The state of Ruby, RDF and Rails 3

Posted by Eric Kidd Mon, 20 Dec 2010 19:56:00 GMT

Recently, I was investigating the state of RDF in the Ruby world. Here are some notes, in case anybody is curious. I have used only a few of these Ruby RDF libraries, so please feel free to add your own comments with corrections and other alternatives.

There’s also some stuff about ActiveModel and ActiveRelation down at the end, for people who are interested in Rails 3.

For a list of available Ruby RDF libraries, run:

gem search -dr rdf

RDF.rb: A high-level, pure-Ruby RDF library

RDF.rb appears to be the most complete of the Ruby RDF libraries. It represents RDF triples using a hierarchy of Ruby classes, and it supports many formats and data stores via plugins. RDF.rb is actively maintained, with the latest commit occurring less than 8 hours before this post was written.

The short descriptions below are taken directly from gem.

Formats:

  • N-Triples (included)
  • rdf-json: RDF/JSON support for RDF.rb.
  • rdf-n3: Notation-3 (n3-rdf) and Turtle reader/writer for RDF.rb.
  • rdf-rdfa: RDFa reader for RDF.rb.
  • rdf-rdfxml: RDF/XML reader/writer for RDF.rb.
  • rdf-trix: TriX support for RDF.rb.
  • rdf-xml: An RDF.rb plugin for XML files.

Storage adapters:

  • In-memory RDF store (included).
  • rdf-4store: 4store adapter for RDF.rb.
  • rdf-bert: BERT-RPC repository proxy for RDF.rb.
  • rdf-cassandra: Apache Cassandra adapter for RDF.rb.
  • rdf-do: RDF.rb plugin providing a DataObjects storage adapter.
  • rdf-mongo: A storage adapter for integrating MongoDB and RDF.rb.
  • rdf-redstore: RDF.rb plugin providing a RedStore storage adapter.
  • rdf-sesame: Sesame 2.0 adapter for RDF.rb.
  • rdf-talis: RDF.rb plugin providing a Talis platform storage adapter.

Related libraries:

  • rdf-isomorphic: RDF.rb plugin for graph bijections and isomorphic equivalence.
  • rdf-raptor: Raptor RDF Parser wrapper for RDF.rb.
  • rdf-rasqal: Rasqal RDF Query Library plugin for RDF.rb.
  • rdf-sparql: RDF.rb plugin for parsing / writing SPARQL queries.
  • rdf-spec: RSpec extensions for RDF.rb.
  • rdfgrid: Map/Reduce pipelines for RDF.rb.

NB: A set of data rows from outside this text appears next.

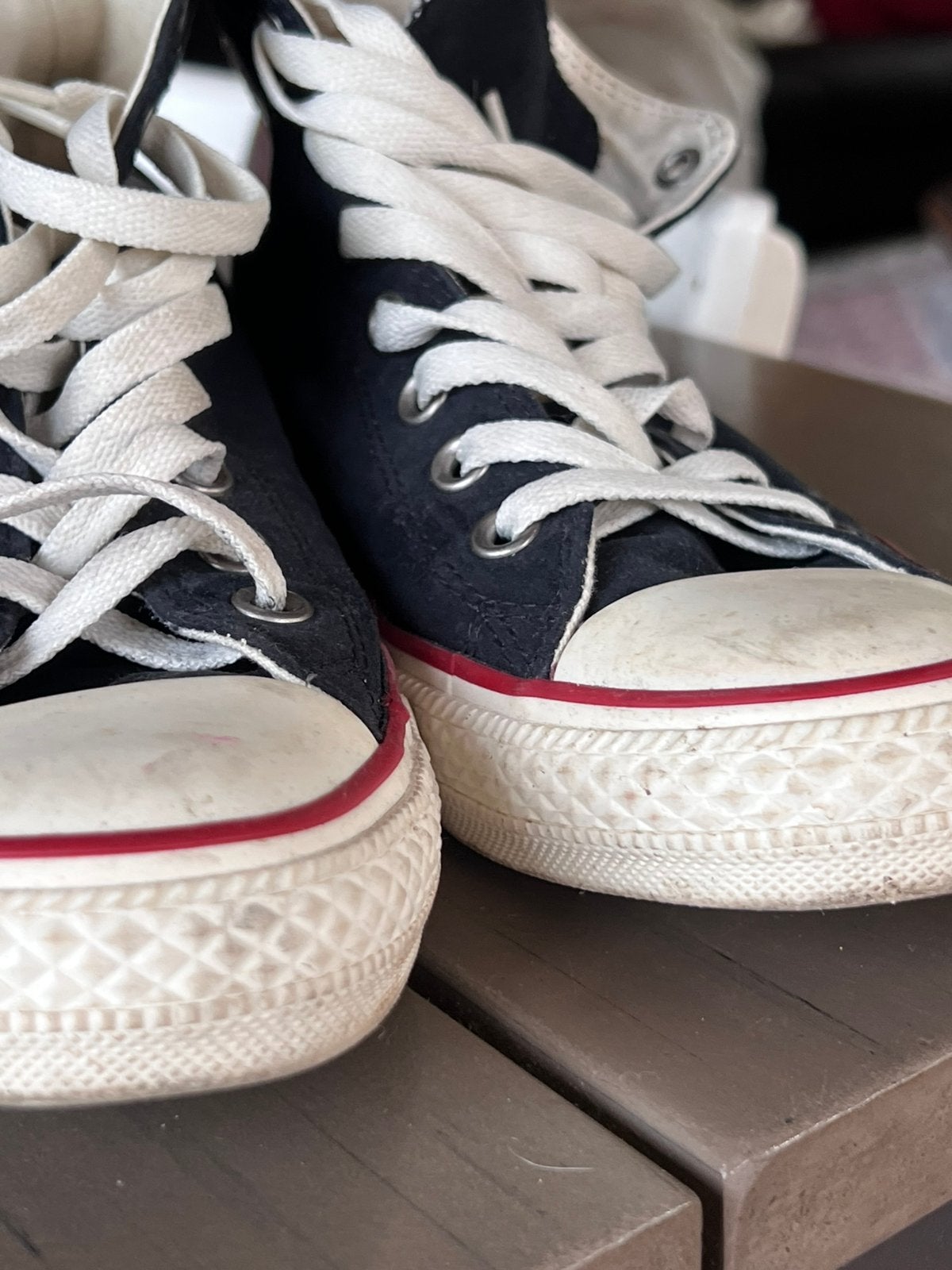 Converse All stars, Kleding | Dames, Schoenen, Blauw, Ophalen of Verzenden, Sneakers of Gympen, Zo goed als nieuw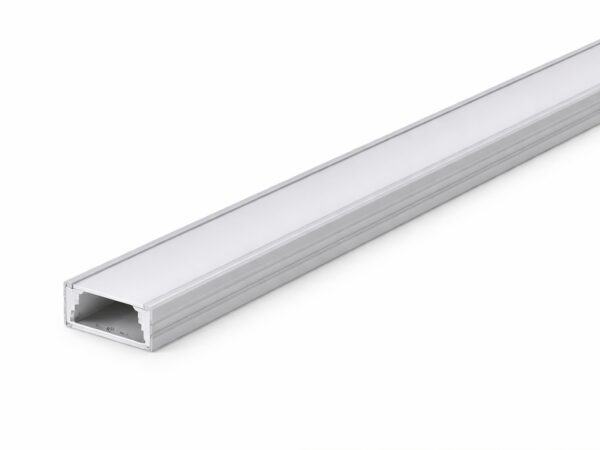 Alu profil 15*6 R510/2m sivi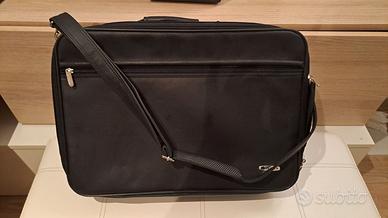 Borsa rigida tracolla computer lavoro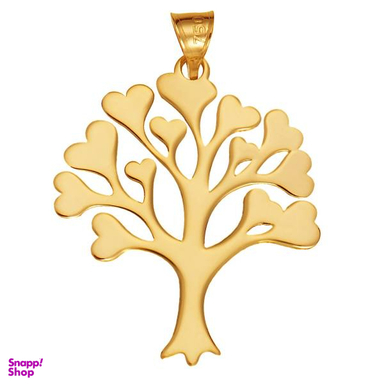 پلاک گردنبند طلا 18 عیار زنانه پانسی کد Pe1040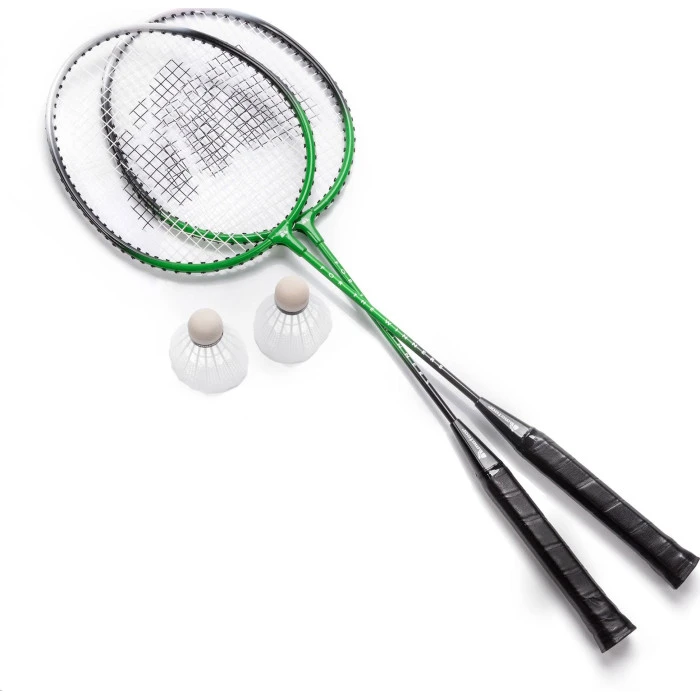Набор для бадминтона Meteor 2008, зеленый
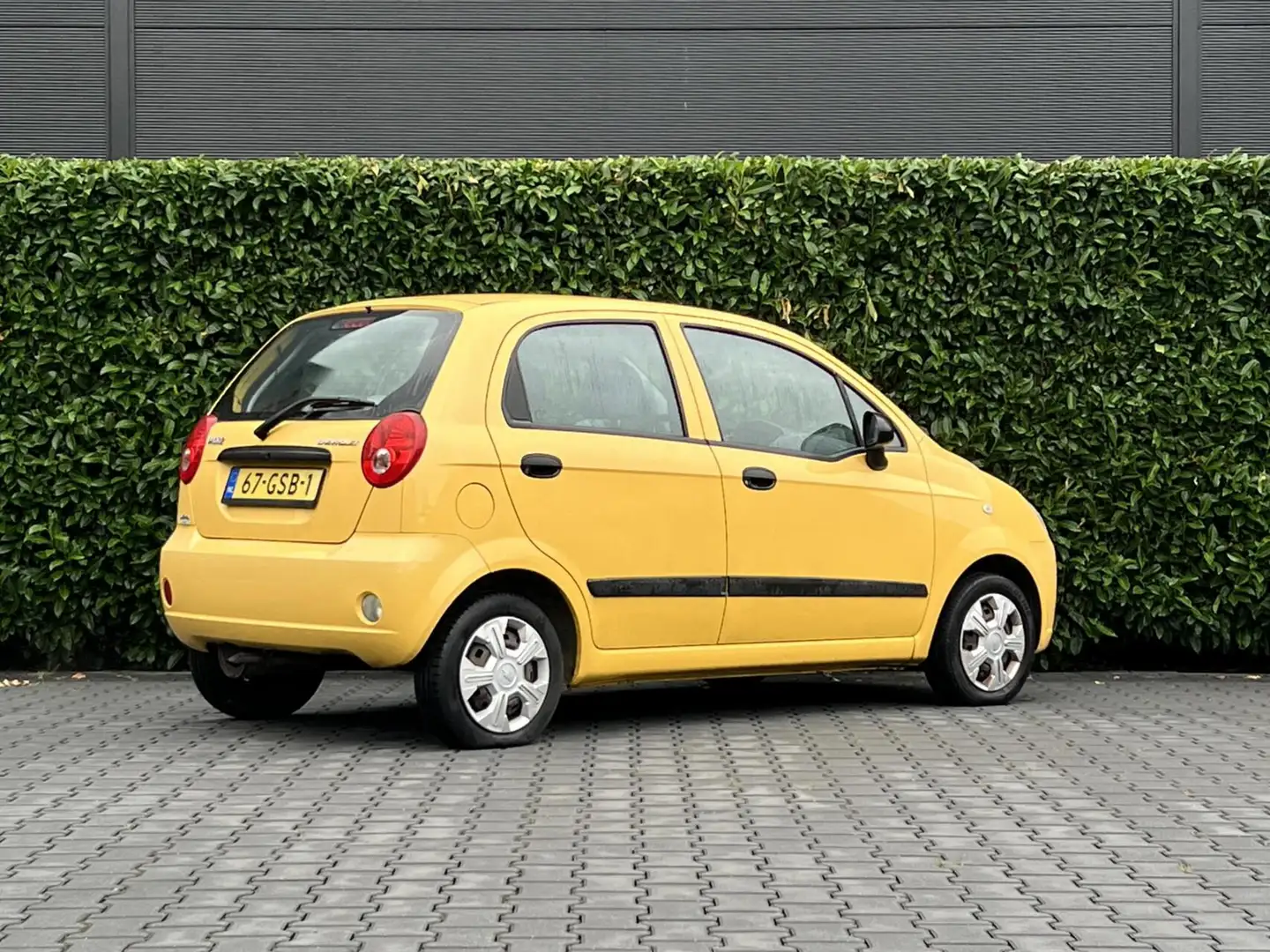 Chevrolet Matiz 0.8 Spirit, AIRCO, NL AUTO, NAP LOGISCH, NIEUWE RI Gelb - 2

ActiveRDF: Rails object mapper (from the pre-ActiveModel days)

Once upon a time, ActiveRDF was the premiere high-level library for working with RDF and Rails. It re-implemented much of the ActiveRecord API, allowing Rails developers to treat RDF datastores in much the same way they treated SQL databases.

Unfortunately, ActiveRDF no longer appears to be actively maintained. Furthermore, because ActiveRDF is a re-implementation of ActiveRecord, it doesn’t take advantage of the new ActiveModel and ActiveRelation libraries that have become available with Rails 3. (See below for why this would be nice.)

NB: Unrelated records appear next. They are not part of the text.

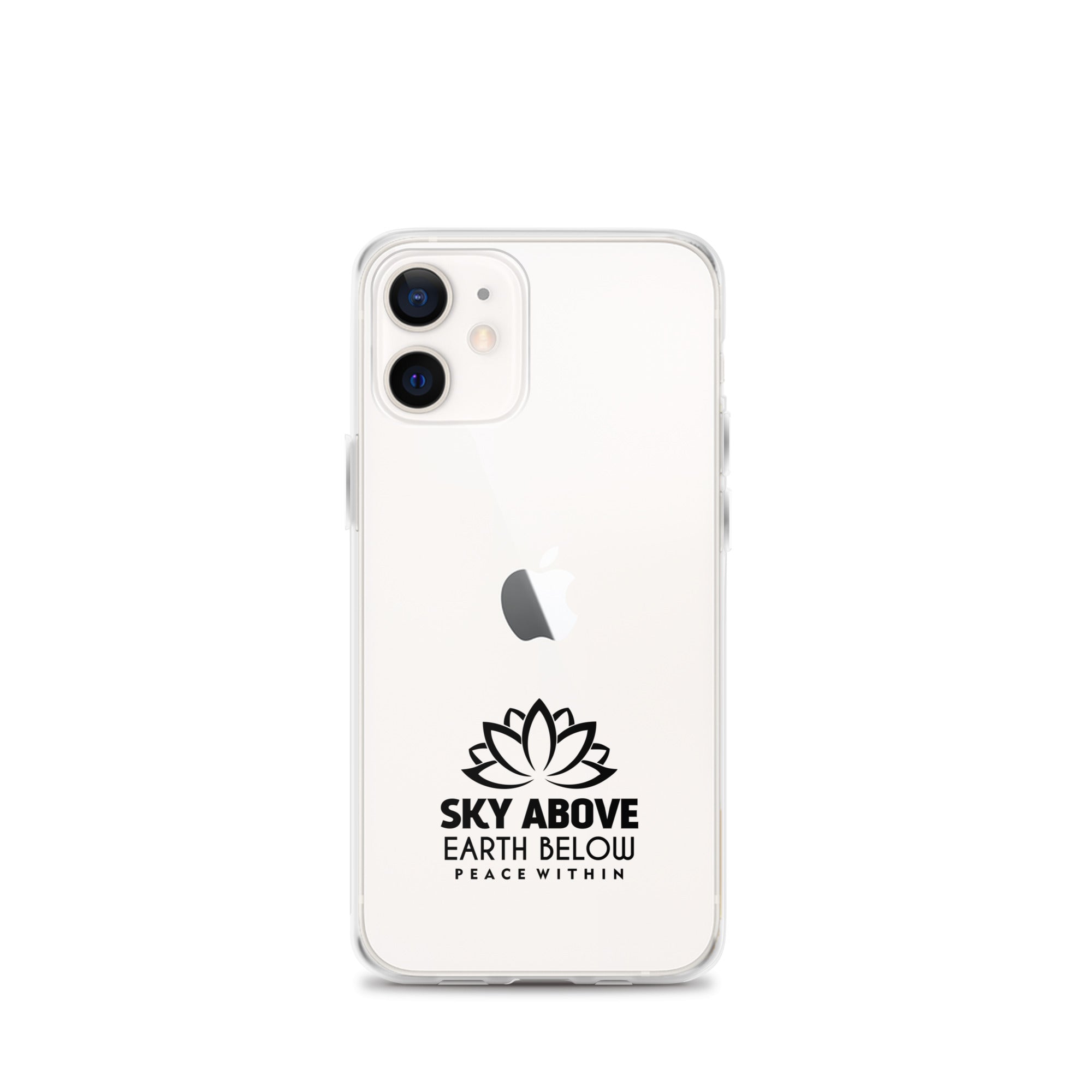 SKY ABOVE EARTH BELOW - iPhone Case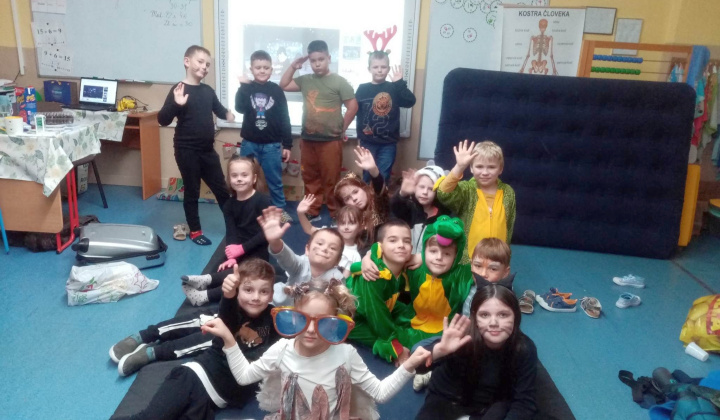 19. fotografia fotogalérie Rozprávková noc v škole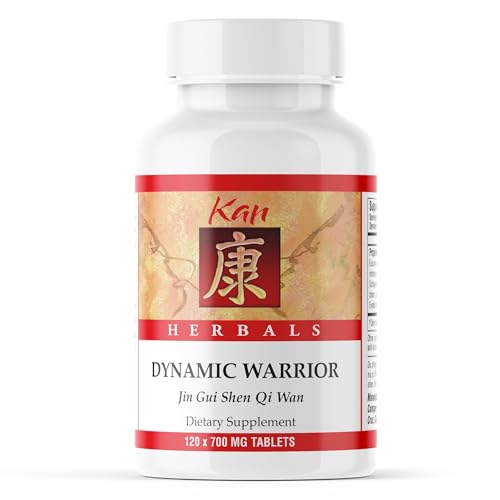 Kan Herbs Dynamic Warrior 120 tabletas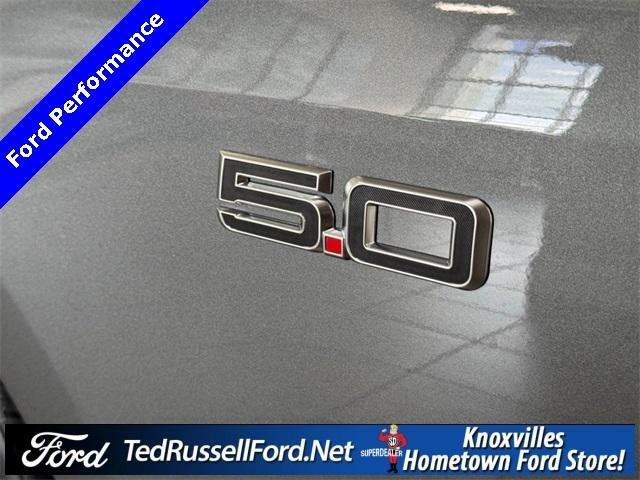 Photo of 2025 Gray Ford Mustang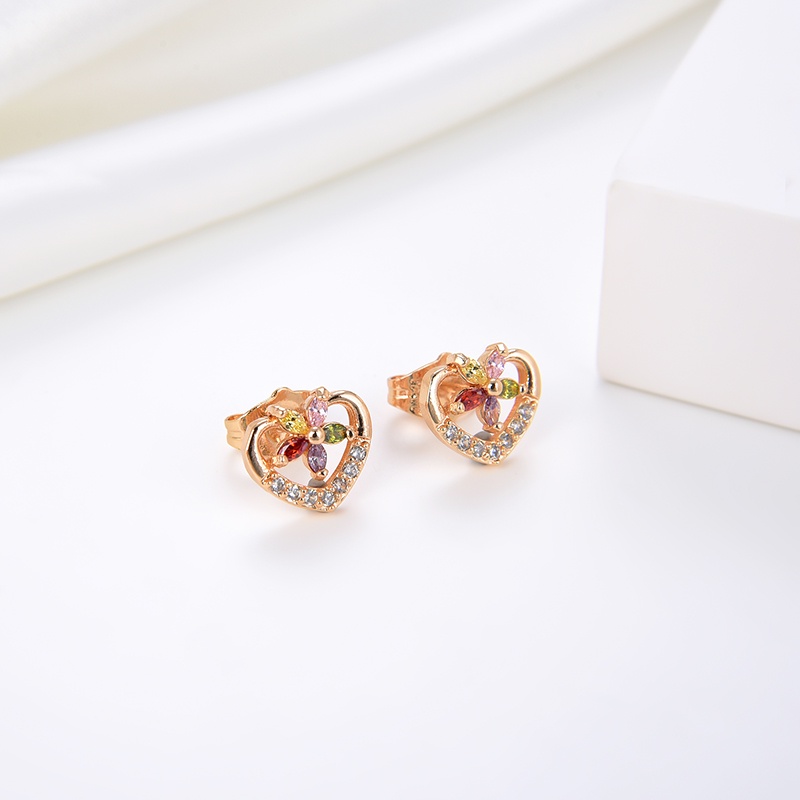 anting titanium wanita emas muda anti karat dewasa tusuk korea asli panjang dan luntur korea style selamanya dewasa 55e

Storage adapters and libraries

  • activerdf_jena: ActiveRDF adapter to the Jena RDF store
  • activerdf_rdflite: An RDF database for usage in ActiveRDF (based on sqlite3).
  • activerdf_redland: ActiveRDF adapter to Redland RDF store.
  • activerdf_rules: A rulebase and forward chaining production system for activerdf databases.
  • activerdf_sesame: Jruby adapter to sesame2 datastore (for usage in ActiveRDF).
  • activerdf_sparql: ActiveRDF adapter to SPARQL endpoint.
  • activerdf_agraph: AllegroGraph storage adapter. Not currently available from gemcutter. (Full disclosure: Several years ago, Franz paid me to work on this project part time.)

Redland Ruby bindings

The Redland library is widely used by C developers, and it includes Ruby bindings. This code appears to be actively maintained.

agraph: Low-level AllegroGraph bindings

phifty has recently been working on low-level Ruby bindings for AllegroGraph. I’ve tried these out, and they work quite well—it took about 5 minutes to get started after installing AllegroGraph’s free Java edition on an EC2 server. (More details on that in a future post, if anybody is interested.)

One word of warning: The agraph gem requires that string literals be passed as raw RDF syntax, and not as high-level objects (as far as I can tell). This is slightly awkward. For example, note how we specify the English-language string “John Doe” in the following example:

stmts = repo.statements
stmts.create('<http://example.com/people#jdoe>',
             '<http://xmlns.com/foaf/0.1/name>',
             '"John Doe"@en')

Other RDF resources

The rubyrdf library appears to have been abandoned. The public-rdf-ruby mailing list seems pretty quiet these days, too. The rdf_context library is still going strong, but it appears to fill roughly the same niche as RDF.rb without the depth of add-on libraries.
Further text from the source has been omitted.